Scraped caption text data
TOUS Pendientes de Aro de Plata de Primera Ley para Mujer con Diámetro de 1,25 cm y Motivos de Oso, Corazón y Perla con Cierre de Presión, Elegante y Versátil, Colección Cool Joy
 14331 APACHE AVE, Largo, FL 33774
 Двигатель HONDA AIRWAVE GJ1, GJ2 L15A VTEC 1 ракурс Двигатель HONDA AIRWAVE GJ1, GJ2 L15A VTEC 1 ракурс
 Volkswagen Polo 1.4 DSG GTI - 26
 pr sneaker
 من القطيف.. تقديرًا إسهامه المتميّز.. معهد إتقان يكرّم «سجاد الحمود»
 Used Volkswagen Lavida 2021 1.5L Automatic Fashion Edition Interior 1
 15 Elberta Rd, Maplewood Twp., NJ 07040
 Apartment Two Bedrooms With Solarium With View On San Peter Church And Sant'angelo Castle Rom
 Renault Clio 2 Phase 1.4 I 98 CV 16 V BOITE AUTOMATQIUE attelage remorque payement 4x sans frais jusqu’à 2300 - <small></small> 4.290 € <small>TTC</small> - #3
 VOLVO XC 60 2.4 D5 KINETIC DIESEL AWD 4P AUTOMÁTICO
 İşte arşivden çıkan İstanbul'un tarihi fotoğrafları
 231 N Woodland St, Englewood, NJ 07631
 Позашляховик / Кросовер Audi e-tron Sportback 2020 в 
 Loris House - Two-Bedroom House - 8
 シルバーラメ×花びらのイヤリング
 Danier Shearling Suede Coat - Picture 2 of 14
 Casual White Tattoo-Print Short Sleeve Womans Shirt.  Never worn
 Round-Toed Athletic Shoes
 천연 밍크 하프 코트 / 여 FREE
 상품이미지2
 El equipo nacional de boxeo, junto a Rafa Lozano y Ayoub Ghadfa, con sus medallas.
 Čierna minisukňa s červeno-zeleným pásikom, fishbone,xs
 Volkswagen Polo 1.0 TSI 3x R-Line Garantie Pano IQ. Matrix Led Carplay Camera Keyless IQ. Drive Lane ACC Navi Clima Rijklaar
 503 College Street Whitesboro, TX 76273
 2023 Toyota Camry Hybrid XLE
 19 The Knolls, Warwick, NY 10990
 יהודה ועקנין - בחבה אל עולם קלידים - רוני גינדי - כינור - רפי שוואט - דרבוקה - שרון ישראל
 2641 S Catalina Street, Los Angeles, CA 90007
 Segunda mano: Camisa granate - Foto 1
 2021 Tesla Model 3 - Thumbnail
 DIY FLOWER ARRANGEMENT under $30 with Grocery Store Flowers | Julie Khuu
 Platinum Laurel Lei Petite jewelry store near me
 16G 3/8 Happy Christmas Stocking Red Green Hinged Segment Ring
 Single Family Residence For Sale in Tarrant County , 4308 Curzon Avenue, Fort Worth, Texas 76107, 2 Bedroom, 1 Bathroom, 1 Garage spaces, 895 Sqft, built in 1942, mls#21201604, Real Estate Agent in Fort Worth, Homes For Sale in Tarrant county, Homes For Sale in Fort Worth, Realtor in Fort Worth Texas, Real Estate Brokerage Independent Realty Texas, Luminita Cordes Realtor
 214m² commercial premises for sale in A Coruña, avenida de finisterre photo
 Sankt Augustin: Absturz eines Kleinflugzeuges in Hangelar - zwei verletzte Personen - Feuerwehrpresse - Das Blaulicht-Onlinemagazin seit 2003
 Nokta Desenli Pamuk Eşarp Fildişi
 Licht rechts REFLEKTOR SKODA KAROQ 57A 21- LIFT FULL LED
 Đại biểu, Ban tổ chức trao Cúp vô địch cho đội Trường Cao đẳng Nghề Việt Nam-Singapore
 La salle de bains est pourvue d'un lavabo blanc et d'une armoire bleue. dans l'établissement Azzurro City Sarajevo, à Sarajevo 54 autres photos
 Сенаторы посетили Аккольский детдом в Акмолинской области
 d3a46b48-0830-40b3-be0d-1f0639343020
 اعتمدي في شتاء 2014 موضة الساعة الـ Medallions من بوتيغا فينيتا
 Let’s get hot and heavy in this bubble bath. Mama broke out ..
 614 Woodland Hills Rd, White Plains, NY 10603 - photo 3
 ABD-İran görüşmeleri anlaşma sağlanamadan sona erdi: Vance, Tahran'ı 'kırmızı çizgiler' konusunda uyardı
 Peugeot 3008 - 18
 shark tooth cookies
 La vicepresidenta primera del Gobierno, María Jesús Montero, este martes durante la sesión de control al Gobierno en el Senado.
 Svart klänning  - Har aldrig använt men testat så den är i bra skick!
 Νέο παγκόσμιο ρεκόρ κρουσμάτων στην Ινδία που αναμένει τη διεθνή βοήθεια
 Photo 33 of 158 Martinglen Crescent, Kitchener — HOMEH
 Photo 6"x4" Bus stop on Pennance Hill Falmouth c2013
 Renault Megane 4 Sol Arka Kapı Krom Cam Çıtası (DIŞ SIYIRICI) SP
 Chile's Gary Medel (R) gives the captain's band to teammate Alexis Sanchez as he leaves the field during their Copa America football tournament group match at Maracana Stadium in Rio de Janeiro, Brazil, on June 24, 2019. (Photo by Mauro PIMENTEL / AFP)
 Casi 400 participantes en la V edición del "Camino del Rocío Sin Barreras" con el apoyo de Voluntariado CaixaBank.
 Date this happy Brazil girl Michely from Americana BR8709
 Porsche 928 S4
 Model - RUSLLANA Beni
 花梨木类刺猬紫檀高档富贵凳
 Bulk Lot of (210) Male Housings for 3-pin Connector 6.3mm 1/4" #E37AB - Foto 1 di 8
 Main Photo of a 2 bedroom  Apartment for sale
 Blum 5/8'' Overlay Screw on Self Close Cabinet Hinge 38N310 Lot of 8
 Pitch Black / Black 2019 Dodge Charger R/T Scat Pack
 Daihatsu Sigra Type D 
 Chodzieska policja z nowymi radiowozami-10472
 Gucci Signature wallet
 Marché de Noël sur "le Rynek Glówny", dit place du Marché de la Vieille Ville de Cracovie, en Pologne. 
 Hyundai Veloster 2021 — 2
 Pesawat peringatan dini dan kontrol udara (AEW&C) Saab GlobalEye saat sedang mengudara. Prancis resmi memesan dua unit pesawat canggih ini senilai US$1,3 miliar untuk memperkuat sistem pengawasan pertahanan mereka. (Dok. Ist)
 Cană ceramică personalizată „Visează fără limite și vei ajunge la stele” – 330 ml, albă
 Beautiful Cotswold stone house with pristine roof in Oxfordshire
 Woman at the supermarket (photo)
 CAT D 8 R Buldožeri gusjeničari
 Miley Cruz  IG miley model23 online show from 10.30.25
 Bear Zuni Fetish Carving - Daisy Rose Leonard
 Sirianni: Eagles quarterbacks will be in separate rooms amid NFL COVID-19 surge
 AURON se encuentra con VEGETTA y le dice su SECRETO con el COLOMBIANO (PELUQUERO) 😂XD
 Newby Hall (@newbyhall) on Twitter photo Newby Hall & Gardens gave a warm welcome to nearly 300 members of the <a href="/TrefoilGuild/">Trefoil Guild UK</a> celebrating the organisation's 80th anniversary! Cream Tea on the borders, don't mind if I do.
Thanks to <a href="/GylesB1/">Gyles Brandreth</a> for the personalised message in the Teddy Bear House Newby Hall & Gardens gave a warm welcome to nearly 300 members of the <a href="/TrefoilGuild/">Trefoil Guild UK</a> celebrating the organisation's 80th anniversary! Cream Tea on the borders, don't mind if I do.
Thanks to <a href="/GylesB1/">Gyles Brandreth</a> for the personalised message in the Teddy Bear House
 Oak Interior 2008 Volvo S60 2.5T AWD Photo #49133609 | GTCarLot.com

# [Activity]
The required answer is the exact run of lines above starting at the line with "Cană ceramică personalizată" and ending at the line with "Bear Zuni Fetish", with both ends present.

# [Answer box]
 Cană ceramică personalizată „Visează fără limite și vei ajunge la stele” – 330 ml, albă
 Beautiful Cotswold stone house with pristine roof in Oxfordshire
 Woman at the supermarket (photo)
 CAT D 8 R Buldožeri gusjeničari
 Miley Cruz  IG miley model23 online show from 10.30.25
 Bear Zuni Fetish Carving - Daisy Rose Leonard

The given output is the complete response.